Chef and cookbook author Asha Gomez has vivid memories of her childhood in Kerala, India.
I think my love affair with food started with a singular mango.
"I grew up on Kovalum Beach, and I can remember waking up every day to the sound of waves crashing against the rocks, fishermen chanting as they pulled in their nets with the night’s haul, church bells tolling… it was a magical setting for childhood. My earliest food memory is etched in my mind’s eye. There was a tiny room in my Grand Aunt’s house with cobalt blue doors where she kept fruit to ripen.

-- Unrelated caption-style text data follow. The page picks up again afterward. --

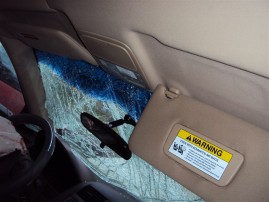 2007 HONDA ACCORD SE, 2.4L AUTO SDN, COLOR WHITE, STK A15182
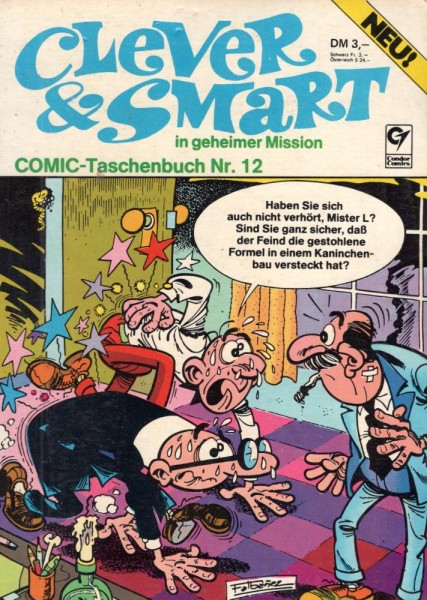 Clever & Smart Taschenbuch 12 (Z1, 1. Auflage), Condor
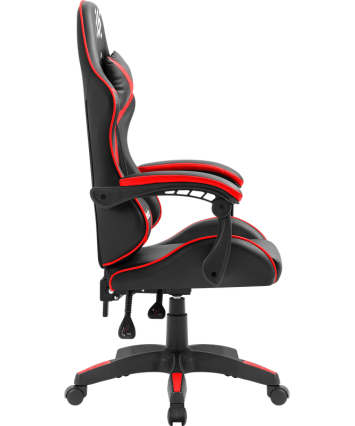 Кресло игровое Defender xCom, черный/красный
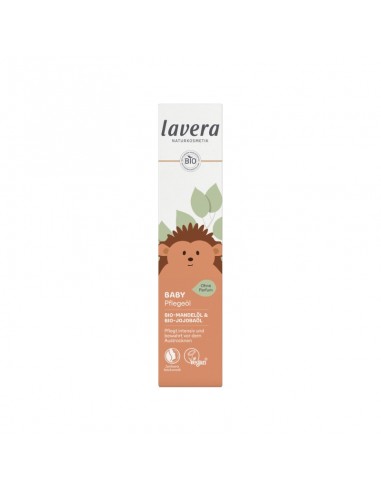 ACEITE CORPORAL BEBES & NIÑOS LAVERA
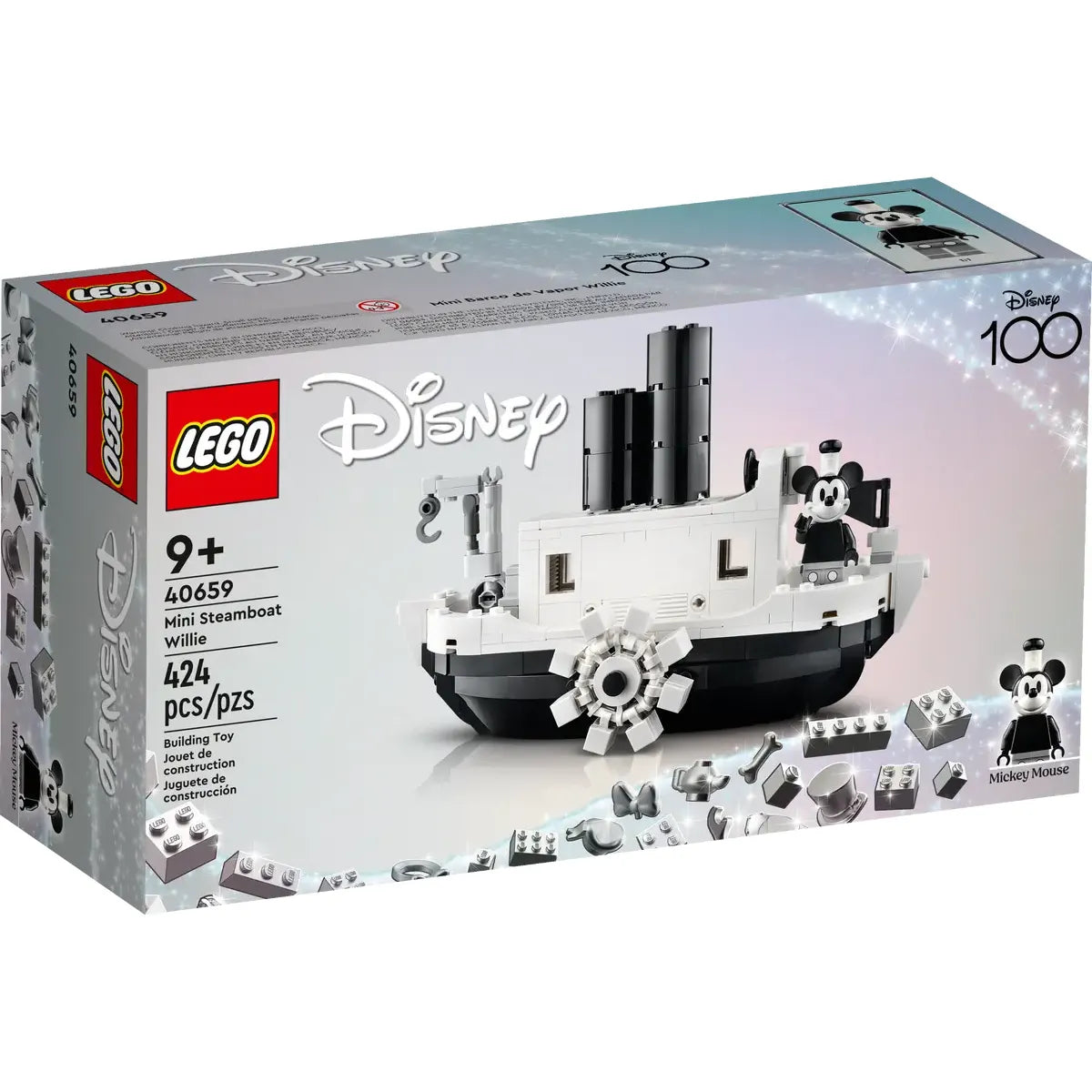 LEGO  40659 - Disney: Steamboat Willie Mini-Model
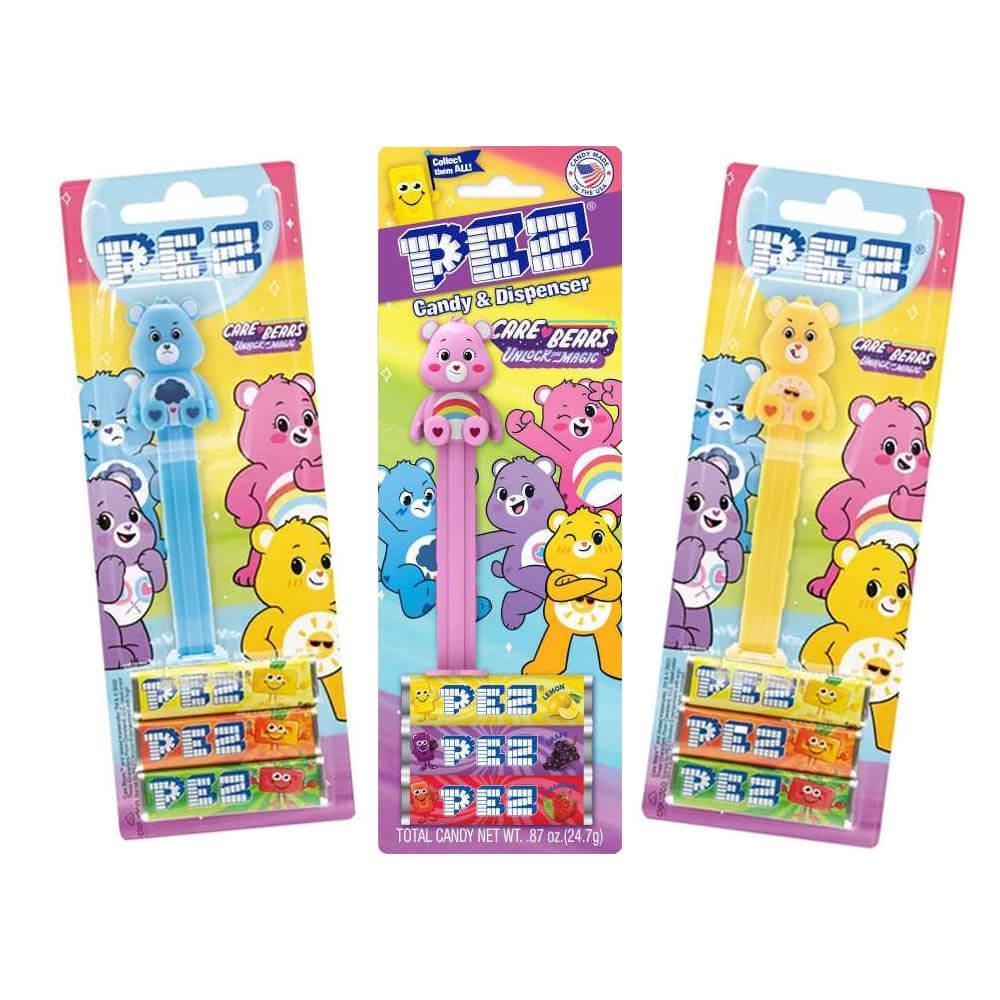 Pez Blister Card - Care Bears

"In the summertime, there were baskets and baskets of mangos in there. I remember standing in front of that blue door, and when it would open, the scent that would waft out of the room. I remember eating the fruit, and the feeling that it gave me—I think my love affair with food started with a singular mango. The colors, the scents, the velvety texture, not just sweetness but a tang, nuance, and slight bitterness—it’s so vivid. And to this day my love affair with the mango has never ended.
"I grew up eating appams. I remember the whole process of the rice being soaked and ground, adding coconut milk and toddy—my mom used fresh toddy to ferment the dough instead of yeast—watching the dough being made and then the magic of the actual appams being formed—a spongy soft center with crispy lace edges. I make appams in my own kitchen today, though it’s a slightly easier now than everything my mom did by hand.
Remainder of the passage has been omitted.